I grew up playing technical death metal with progressive elements. Doing so took a LOT of work. Hours every single day just to keep up and wrap my hands and mind around what I had to do. Odd time signatures, sweeping, key changes, tempo changes, often while singing, too. Not everything that I wrote or played was a masterpiece, but most of it was good.
I’ve been playing for over twenty five years now. Though I still listen to a good bit of technical music, what I got into in the last five years or so was darker folk music that has a similar vibe to a lot of darker metal in tone and subject material, but that’s almost entirely acoustic. I’ve found that a lot of the people that make this music are serious metalheads themselves, which tells me that I’ve found a good place.
Writing this music has been a real challenge. First of all, as a singer/guitarist/songwriter this means that now people can actually understand my lyrics, and authenticity is huge in this genre. Second of all, the guitar parts are not the focus; if I wanted to write a killer guitar part before, if I struggled to understand where to go or how to fit it in there, there were a few things that I could almost always do. When it’s just me and an acoustic guitar, I have to be vulnerable, and writing one song takes longer for me now and is overall tougher than writing five technical death metal songs ever was for me.
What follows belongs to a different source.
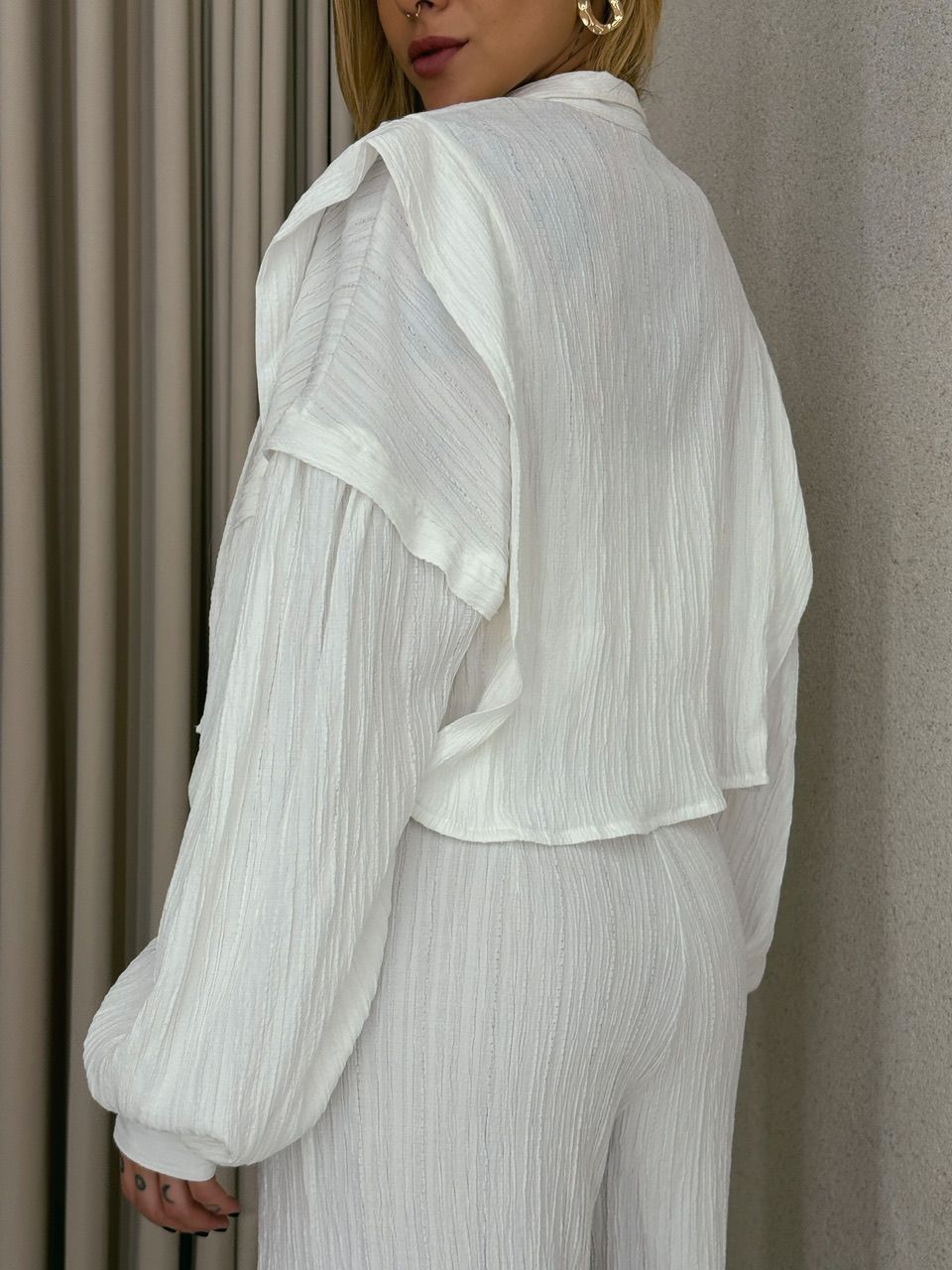 CAMISA CROPPED CF OVER off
I have to actually put myself out there, and even if the guitar part is simpler now, I have to write it and play it without any irony or apathy.
I’m not saying that simpler music is better, or that technical guitarists “have no feel, man.” I’m saying that for me, what I’m doing now is immensely more difficult, and it’s made me a far better guitarist than I ever thought I could be.
I’m curious if anyone else has had similar experiences.